BWW Album Review: Sarah Brightman's HYMN To Faith And Music
The intersection of Broadway/opera and sacred music seems like a natural fit. Both are often larger than life, both speak to a very specific message, and both use a wide range of instrumentation and vocals. On Sarah Brightman's new album, Hymn, she combines the two genres to mixed effect. While the more traditional sounds are lovely and suit her voice well, the contemporary songs tend to be overwrought.
The album's opening song and title track sets the stage pretty well: a contemporary Christian sound with a simple Melody But a huge, overblown backing. Lyrically, it's pretty standard, uninspired lyrics, such as the repeated couplet "Jesus came down from heaven to earth/and people said it was a virgin birth." It's not that the song isn't pleasant to listen it, it's that it feels like it's trying to be too big and would be much more effective if it were aurally smaller.
Brightman is at her best, unsurprisingly, when she leans into the more classical side of her voice: that lovely soprano that's been her claim to fame for years. "Sogni," the first appearance of this style on the album, also uses the vocal talents of Vincent Niclo, whose voice blends nicely with Brightman's. "Canto Per Noi" is similarly elegant and appealing, if a little on the slow side. Brightman's voice is still thrilling and is suited well to this style of music, which makes the more operatic songs the highlights of the album.
"Gia Nel Sono" is the most musically interesting part of the album. A haunting, quasi-operatic story song, the lyrics are in Italian but Brightman's voice is so expressive that you don't need to understand the words. It's as epically styled as the rest of the album, but this time, it actually suits the music well.
The album really struggles when it tries to incorporate contemporary-Christian music. In general, it feels like songs such as "Sky and Sand" and "Follow Me" are trying much too hard to be inspirational. No embellishment is left unturned: big instrumentation, a huge choral backing, synth sounds, and so on. When it's there at every turn, it loses its effect.
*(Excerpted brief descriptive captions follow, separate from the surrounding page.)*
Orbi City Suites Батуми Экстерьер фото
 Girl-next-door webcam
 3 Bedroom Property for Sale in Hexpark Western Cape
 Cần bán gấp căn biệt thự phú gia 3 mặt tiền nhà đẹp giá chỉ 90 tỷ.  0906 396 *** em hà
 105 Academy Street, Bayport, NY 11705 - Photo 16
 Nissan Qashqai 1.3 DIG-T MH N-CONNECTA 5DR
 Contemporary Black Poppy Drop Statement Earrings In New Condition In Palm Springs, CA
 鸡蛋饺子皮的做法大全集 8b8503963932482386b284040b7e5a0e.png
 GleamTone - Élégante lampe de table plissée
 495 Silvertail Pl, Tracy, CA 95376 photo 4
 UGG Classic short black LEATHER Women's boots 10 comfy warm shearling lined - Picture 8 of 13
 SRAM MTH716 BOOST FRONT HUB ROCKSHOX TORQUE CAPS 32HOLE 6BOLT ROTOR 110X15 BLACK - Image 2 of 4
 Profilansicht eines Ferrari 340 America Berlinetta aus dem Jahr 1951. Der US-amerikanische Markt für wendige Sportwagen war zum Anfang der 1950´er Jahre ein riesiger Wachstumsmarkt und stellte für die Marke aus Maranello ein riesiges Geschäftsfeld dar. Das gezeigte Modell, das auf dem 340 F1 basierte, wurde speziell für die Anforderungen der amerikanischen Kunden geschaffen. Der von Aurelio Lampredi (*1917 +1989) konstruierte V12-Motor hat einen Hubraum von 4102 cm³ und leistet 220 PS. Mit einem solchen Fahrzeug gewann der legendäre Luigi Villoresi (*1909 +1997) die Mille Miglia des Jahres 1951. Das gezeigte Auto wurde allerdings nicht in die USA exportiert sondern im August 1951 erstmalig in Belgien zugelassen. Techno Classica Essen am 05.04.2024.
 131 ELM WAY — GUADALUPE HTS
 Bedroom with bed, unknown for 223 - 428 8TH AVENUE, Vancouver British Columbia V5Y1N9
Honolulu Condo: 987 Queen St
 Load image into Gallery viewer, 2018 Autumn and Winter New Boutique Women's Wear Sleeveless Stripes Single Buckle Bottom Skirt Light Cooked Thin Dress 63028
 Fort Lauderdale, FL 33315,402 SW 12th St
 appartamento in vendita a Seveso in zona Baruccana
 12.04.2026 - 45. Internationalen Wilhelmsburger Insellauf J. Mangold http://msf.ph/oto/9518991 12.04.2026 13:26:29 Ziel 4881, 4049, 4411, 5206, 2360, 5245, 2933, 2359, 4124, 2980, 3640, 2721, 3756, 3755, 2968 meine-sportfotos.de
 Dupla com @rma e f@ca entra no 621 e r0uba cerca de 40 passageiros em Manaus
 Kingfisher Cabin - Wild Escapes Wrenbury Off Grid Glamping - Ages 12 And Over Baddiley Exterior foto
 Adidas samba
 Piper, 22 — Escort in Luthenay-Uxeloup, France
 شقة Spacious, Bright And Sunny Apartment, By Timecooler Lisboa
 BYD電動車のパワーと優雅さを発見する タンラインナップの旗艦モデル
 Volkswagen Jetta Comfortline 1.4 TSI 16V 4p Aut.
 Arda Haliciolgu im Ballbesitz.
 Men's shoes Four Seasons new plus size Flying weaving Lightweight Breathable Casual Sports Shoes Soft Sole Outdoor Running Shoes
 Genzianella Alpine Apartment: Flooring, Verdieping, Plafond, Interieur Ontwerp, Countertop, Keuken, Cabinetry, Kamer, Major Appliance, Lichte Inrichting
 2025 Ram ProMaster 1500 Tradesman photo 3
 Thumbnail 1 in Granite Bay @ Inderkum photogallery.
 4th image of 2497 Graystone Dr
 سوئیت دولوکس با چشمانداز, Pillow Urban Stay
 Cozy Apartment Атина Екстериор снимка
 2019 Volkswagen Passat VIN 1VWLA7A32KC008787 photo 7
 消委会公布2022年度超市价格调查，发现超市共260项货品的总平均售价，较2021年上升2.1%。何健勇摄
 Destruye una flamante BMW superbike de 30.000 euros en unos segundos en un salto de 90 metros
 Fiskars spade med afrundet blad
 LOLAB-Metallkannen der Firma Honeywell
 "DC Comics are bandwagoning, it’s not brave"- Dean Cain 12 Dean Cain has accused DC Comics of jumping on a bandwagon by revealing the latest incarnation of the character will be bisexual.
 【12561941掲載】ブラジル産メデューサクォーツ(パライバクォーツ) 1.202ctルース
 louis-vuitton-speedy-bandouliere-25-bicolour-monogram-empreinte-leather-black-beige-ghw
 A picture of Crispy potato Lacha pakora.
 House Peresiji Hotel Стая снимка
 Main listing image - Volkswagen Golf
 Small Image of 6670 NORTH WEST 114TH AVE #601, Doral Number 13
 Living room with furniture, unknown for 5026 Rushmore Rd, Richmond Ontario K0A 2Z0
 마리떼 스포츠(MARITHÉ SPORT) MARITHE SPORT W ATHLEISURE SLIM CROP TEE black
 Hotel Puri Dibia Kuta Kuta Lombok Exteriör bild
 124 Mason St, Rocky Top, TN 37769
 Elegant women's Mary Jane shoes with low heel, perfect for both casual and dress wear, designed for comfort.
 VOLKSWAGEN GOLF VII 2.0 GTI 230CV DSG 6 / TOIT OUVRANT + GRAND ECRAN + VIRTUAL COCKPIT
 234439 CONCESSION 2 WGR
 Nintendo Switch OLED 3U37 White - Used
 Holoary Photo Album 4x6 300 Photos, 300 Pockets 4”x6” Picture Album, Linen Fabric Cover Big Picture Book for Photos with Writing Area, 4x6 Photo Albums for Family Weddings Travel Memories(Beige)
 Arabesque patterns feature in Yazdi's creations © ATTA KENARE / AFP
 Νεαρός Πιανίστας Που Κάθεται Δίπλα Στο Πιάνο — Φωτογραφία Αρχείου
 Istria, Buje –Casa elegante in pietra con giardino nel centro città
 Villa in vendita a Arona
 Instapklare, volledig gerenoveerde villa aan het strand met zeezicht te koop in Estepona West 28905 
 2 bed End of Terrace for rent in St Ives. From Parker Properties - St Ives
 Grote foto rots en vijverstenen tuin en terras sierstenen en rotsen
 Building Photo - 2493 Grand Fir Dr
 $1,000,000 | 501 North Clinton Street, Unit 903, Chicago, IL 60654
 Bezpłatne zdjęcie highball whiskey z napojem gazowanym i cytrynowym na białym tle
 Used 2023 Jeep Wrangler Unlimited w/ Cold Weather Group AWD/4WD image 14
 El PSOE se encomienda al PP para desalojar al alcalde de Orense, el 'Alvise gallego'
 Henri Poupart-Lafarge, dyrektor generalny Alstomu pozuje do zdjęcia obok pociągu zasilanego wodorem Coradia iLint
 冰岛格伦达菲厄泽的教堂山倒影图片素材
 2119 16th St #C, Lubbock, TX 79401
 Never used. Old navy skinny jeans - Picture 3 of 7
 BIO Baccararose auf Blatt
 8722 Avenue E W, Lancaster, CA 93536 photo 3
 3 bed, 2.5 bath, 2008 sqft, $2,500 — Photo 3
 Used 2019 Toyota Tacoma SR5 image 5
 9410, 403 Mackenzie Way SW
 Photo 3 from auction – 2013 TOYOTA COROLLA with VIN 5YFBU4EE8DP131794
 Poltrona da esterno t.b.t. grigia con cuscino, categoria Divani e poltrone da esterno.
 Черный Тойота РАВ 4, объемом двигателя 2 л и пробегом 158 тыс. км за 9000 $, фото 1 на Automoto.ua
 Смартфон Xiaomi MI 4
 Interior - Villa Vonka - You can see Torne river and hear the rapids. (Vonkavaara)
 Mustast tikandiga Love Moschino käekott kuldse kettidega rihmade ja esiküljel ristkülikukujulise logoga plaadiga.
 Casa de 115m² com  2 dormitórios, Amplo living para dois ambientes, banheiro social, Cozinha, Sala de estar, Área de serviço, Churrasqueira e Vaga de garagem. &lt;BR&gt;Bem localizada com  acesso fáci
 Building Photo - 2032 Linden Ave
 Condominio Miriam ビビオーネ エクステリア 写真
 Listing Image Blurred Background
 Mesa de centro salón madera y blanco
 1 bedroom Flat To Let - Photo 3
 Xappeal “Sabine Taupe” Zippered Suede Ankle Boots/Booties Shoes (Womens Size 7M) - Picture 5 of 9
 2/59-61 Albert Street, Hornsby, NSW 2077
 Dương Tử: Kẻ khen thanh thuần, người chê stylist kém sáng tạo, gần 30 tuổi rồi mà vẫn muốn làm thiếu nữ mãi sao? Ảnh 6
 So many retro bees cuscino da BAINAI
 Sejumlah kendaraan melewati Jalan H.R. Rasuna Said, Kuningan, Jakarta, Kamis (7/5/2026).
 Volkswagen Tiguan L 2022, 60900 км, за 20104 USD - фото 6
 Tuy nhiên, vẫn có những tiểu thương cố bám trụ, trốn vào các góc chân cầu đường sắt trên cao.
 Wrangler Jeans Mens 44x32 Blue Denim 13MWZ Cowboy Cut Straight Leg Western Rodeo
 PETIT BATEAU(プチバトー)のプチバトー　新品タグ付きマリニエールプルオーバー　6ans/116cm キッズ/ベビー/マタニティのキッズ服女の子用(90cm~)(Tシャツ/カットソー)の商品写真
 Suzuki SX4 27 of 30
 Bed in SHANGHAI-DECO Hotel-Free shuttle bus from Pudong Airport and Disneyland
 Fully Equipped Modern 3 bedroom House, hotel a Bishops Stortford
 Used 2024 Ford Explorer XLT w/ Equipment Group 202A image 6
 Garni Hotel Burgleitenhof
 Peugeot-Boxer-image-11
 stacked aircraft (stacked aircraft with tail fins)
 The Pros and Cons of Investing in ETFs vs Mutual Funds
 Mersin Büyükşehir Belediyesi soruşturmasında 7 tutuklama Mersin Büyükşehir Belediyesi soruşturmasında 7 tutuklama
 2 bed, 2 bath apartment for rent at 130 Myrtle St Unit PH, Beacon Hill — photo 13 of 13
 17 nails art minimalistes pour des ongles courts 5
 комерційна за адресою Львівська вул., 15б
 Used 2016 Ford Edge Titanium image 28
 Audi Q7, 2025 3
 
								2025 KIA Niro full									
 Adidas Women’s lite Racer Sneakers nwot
Instead of feeling inspirational and close to God, it feels forced. "You" seems like it's going to be a change of pace, starting out with a more acoustic, gentle vibe, but by halfway through, we're right back where we started. This isn't just a "feeling" problem, but a sound one, too: there are several tracks where Brightman's voice is overwhelmed by the sheer scale of production around her.
Sacred music has a rich history. It can feel as small and intimate as a personal prayer, or as expansive as a cathedral. Regardless of the scale, however, it always is genuine, an expression of faith - which is an incredibly personal thing. Hymn, despite its best efforts, often feels more like a modern megachurch: enormous in scale and sound, but losing that personal grace along the way.